Most food also has a use by date, especially when exposed to heat, lighting and even air so the photographer will use different tricks of the trade to prevent the food from spoiling too soon. Here are just a few of the tricks food photographers often use to create those scrumptious images we see in cookbooks, advertising and on the internet:
Food photographers opt for natural light these days – especially with the popularity of organic foods. Positioning food by the window or even outside will keep it looking much more natural than using artificial light. However, if you do need to rely on studio lighting, avoid using the camera flash as it will reflect off the food and make it look washed out – not to mention unappetising. Professional food photographers will generally opt for studio strobe lighting as it gives off the same colour effect as daylight.

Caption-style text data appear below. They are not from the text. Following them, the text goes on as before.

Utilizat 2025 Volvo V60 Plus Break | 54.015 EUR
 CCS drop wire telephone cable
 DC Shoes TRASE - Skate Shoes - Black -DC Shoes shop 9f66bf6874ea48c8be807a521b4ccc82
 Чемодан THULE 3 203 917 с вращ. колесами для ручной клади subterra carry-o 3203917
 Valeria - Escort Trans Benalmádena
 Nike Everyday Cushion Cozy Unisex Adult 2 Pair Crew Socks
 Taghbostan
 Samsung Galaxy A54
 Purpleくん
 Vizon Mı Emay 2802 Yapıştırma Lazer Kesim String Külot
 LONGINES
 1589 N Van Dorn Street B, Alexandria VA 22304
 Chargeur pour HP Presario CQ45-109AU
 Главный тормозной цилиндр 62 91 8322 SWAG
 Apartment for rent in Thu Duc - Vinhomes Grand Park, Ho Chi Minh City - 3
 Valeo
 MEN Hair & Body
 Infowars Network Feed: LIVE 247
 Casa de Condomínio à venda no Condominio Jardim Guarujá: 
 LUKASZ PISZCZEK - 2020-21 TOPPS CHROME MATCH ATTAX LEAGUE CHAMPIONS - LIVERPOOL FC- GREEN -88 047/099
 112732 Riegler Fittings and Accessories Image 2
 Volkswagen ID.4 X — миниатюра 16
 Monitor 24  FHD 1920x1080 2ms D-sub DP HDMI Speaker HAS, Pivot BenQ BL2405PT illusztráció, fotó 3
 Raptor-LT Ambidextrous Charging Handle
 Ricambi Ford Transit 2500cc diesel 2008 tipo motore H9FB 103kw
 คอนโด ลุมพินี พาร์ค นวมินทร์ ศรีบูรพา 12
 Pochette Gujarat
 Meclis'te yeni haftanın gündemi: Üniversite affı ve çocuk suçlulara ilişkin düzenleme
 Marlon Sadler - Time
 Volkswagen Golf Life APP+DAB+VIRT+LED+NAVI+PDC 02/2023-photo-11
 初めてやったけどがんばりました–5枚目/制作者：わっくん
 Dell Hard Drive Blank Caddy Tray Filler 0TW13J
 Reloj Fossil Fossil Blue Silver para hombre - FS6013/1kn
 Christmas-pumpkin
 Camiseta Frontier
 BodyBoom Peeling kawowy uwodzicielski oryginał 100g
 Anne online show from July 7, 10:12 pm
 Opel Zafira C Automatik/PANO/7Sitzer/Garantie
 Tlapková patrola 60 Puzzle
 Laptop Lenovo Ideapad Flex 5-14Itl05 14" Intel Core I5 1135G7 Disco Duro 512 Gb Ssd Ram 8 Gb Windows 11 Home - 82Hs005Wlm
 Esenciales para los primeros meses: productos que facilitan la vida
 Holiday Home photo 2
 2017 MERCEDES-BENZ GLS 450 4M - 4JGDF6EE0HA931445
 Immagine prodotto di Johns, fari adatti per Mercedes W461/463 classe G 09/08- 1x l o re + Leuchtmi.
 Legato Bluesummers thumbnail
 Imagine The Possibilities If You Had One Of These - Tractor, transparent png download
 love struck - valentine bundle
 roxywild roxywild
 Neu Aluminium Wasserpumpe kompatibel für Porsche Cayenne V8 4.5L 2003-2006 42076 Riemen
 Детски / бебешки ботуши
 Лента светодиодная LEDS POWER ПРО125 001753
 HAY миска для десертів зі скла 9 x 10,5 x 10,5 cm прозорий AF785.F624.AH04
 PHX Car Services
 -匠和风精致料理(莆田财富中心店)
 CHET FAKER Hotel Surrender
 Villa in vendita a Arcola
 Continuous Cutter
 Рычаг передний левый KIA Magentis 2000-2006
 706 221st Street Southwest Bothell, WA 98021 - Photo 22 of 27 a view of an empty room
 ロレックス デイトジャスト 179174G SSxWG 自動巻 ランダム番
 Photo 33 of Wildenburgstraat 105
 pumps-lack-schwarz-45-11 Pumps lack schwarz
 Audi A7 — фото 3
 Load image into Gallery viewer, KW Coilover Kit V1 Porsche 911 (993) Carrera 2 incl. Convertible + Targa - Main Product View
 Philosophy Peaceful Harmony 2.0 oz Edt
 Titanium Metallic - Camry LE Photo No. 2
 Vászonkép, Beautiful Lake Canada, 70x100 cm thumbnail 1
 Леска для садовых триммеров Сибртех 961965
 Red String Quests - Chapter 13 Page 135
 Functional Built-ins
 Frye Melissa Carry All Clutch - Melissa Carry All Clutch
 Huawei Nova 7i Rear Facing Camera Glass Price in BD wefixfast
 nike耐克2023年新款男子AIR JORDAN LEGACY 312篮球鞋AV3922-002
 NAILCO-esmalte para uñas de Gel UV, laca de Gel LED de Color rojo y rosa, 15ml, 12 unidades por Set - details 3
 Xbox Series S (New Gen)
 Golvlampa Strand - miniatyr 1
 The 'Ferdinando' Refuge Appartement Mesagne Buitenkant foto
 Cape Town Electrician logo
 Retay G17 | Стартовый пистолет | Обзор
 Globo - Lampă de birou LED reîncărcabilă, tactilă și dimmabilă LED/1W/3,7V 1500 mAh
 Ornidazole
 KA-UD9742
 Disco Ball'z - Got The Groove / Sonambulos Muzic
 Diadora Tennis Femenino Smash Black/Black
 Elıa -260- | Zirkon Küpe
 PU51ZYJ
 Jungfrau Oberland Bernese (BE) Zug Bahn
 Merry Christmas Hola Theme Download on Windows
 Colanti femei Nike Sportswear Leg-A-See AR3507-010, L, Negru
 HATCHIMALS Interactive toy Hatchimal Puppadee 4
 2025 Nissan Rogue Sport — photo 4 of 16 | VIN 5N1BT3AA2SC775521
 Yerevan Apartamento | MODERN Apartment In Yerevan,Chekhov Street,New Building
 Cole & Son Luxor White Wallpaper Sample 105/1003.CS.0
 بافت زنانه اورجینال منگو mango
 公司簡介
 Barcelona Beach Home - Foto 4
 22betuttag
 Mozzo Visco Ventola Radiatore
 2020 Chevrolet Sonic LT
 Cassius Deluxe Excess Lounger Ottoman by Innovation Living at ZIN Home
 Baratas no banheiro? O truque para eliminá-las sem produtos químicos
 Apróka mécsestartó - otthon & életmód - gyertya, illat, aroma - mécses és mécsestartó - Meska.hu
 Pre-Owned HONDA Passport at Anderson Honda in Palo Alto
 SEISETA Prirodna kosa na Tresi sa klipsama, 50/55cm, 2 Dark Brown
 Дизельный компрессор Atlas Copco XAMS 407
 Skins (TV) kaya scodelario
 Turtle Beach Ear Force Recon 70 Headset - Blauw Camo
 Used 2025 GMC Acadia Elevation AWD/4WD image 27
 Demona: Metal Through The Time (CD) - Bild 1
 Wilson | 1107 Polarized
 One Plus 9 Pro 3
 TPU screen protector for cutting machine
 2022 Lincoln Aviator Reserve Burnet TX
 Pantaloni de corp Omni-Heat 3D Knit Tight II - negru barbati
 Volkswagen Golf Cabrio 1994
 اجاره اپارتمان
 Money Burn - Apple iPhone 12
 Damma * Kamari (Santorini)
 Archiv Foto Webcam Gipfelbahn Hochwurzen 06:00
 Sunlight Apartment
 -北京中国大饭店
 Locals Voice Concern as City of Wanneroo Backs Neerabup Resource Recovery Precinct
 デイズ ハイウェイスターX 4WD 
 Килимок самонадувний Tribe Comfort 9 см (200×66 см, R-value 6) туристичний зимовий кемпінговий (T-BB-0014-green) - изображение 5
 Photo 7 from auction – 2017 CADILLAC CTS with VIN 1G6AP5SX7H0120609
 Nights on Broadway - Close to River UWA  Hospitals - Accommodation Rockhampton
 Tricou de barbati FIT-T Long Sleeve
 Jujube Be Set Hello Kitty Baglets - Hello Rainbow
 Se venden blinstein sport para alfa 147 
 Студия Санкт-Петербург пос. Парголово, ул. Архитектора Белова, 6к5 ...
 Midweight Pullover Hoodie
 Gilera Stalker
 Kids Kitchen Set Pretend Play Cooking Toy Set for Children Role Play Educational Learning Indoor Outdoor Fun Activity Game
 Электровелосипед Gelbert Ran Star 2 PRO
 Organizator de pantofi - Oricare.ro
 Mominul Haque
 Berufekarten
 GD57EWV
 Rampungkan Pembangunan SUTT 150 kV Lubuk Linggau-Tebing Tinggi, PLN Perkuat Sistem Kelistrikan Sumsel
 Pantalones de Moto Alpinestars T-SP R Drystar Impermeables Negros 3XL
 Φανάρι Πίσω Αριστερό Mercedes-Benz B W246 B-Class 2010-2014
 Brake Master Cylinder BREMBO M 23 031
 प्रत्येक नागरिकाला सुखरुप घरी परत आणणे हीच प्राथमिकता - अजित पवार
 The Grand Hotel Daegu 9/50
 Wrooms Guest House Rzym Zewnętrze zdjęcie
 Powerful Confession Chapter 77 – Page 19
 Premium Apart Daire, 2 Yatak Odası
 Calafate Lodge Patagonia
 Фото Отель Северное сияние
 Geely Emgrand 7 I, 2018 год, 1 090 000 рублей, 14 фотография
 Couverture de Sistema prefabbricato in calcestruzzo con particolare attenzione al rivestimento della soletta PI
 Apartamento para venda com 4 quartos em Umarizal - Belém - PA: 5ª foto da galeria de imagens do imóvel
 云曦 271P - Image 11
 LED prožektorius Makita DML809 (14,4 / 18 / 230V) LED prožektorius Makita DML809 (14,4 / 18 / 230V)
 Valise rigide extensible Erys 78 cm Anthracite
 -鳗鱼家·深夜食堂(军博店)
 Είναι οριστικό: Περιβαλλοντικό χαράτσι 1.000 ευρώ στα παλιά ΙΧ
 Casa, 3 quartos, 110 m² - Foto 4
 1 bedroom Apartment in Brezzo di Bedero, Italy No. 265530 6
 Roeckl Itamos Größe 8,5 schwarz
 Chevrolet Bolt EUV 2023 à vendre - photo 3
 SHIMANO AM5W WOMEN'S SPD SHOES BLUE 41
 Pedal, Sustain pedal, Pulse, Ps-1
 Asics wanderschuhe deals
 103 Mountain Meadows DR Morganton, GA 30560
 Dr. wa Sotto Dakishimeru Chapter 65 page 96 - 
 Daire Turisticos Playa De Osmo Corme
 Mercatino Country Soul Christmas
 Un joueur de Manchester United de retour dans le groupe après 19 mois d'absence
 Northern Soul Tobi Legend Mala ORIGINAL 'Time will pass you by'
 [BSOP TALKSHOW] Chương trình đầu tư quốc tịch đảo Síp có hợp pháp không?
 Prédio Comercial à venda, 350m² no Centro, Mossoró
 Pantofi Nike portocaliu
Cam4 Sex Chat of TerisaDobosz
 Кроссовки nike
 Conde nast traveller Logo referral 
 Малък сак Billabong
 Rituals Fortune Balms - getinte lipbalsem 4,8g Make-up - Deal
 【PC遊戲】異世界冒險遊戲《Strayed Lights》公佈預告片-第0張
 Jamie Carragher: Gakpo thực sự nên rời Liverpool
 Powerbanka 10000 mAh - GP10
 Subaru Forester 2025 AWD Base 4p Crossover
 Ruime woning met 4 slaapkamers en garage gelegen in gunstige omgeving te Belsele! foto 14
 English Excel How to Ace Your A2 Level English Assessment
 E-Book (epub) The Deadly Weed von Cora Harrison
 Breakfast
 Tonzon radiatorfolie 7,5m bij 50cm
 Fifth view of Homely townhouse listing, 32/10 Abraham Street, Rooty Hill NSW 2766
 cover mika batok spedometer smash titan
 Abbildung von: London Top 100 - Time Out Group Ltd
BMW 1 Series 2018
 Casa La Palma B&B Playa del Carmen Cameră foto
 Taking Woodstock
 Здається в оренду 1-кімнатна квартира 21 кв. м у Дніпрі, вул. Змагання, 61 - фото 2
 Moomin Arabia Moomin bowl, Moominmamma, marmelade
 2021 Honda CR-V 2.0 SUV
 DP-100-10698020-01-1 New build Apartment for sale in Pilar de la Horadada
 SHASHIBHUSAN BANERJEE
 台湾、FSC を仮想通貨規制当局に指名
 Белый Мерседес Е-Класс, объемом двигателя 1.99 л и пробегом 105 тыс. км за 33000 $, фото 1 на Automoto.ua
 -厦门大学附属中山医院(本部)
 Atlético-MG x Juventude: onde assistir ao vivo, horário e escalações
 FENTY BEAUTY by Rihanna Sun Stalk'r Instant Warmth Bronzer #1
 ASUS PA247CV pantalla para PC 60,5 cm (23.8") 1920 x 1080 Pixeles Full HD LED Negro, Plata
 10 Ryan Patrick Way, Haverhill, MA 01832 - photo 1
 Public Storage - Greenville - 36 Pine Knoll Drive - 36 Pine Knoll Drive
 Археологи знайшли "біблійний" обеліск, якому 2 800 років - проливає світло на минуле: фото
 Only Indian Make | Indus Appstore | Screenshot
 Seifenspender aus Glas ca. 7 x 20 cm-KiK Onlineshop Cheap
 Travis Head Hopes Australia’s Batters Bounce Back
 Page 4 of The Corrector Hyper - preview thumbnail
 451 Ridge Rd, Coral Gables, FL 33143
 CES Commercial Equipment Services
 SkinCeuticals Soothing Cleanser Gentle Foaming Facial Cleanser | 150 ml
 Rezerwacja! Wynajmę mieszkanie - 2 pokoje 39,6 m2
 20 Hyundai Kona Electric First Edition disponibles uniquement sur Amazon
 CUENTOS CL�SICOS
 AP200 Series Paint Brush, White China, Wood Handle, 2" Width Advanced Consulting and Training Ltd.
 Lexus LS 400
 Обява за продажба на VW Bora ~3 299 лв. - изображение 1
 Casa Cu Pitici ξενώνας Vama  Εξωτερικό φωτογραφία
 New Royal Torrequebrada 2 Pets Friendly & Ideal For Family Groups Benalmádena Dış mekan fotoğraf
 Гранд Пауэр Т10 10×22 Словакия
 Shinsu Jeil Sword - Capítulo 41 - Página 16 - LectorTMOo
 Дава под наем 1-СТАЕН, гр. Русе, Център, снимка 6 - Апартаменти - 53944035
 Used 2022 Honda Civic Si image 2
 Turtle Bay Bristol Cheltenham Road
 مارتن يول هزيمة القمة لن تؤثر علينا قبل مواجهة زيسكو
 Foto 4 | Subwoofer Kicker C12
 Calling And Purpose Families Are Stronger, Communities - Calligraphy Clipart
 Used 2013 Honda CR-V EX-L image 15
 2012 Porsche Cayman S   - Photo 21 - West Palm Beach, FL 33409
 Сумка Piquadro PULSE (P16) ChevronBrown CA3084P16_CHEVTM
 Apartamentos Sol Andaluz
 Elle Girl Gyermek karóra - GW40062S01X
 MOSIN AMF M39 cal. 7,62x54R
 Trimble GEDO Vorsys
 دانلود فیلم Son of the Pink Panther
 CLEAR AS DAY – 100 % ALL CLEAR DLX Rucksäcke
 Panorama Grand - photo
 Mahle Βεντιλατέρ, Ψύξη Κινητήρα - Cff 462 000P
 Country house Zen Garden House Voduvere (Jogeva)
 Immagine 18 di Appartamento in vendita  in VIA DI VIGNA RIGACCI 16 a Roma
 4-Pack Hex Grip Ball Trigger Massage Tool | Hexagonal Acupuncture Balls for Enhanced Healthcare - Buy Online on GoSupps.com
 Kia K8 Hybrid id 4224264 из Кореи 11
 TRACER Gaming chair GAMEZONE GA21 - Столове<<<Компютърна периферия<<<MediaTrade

The food needs to be arranged in an aesthetically pleasing way and this is where the food stylist needs to step in. Food stylists need to understand food, what people want to eat, how foods react in varying conditions and what looks good in photos. Contrasting the differing food colours will make the image look more attractive. For instance, a plate of mashed potato is not going to look particularly interesting. However, contrast it with some bright yellow corn, fresh green peas, drizzled with steaming rich gravy (see below for more on adding steam) and it is transformed into a gastronomic delight that will have us all drooling.
Props are also an important element in food photography but should not overwhelm or crowd the shot so the food becomes less of the focal point. Add a fork, napkin or even a just an attractive table cloth for some added interest in the shot.
Steam is the perfect effect that makes dishes look piping hot in photos. However in reality steam rises off hot food and evaporates too quickly for the food photographer to capture it. The photographer needs to be resourceful and it is not uncommon for them to use smoke machines, the steamer off a cappuccino machine or vaporised liquid titanium that looks like steam. Using a dark background will also make the steam stand out more effectively in the photo.
While food photographers regularly use these tricks to create those wonderful-looking food images, it’s probably best not to eat the subjects after the photo shoot. Liquid titanium is really not that appetising!